How earthquakes test our souls and our governments
Even in the age of Ukraine and other disasters, can we still muster a sustained sense of charity and compassion to help, intelligently, in the long recovery that lies ahead?
Published: 01:02 PM,Feb 08,2023 | EDITED : 05:02 PM,Feb 08,2023
In every life, there are a few indelible dates: the birth of a child, the death of a parent, a national tragedy such as 9/11.
An indelible date for me is September 19, 1985.
I was an 11-year-old boy living in Mexico City, in a car on my way to school, a few minutes after 7 am. Suddenly the road began to sway. The car swerved from one side of the road to the other. It felt as if we were flying. This went on for nearly three minutes.
At school, a rumour had spread that the downtown had been flattened.

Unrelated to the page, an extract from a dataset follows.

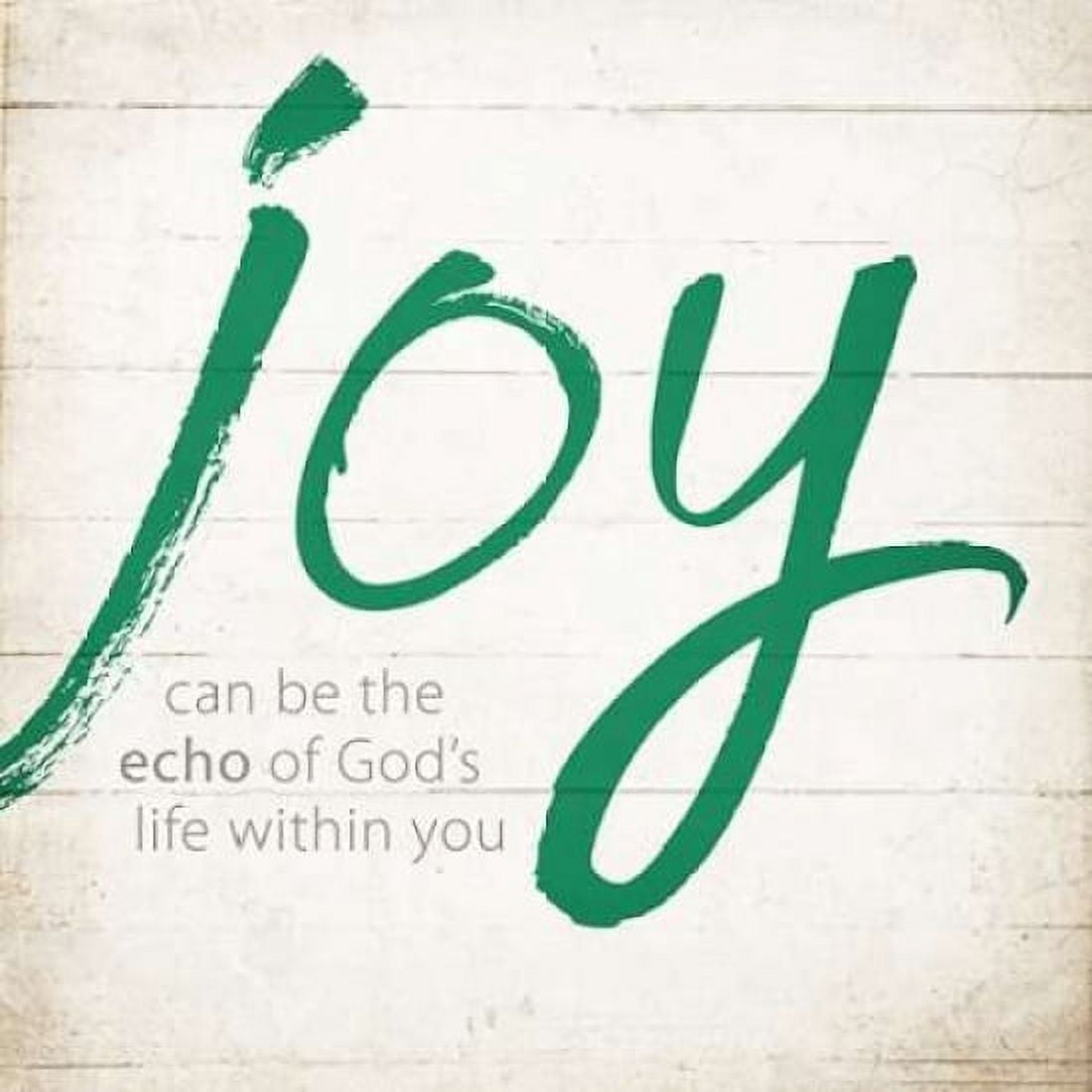 Joy Canvas Art - Dallas Drotz (24 x 24)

My father liked to get to his office there around 7. I spent the morning in a panic.
The earthquake had a magnitude of 8. It killed at least 5,000 people, though the real death toll was probably much higher. A terrifying aftershock the next day measured 7.5. For comparison, the 1994 Los Angeles earthquake was a 6.7 and lasted less than 20 seconds.
The quake that shook Turkey and Syria on Monday was a 7.8 and didn’t stop for about two minutes.
The scenes emerging from Idlib, Aleppo, Hatay, Iskenderun and other devastated cities are awful. They’re especially emotional for those with their own memories of major quakes.
Twenty years after the Mexico City earthquake, I went to Pakistan to report on the US relief effort for the 2005 Kashmir earthquake, in which an estimated 86,000 people were killed.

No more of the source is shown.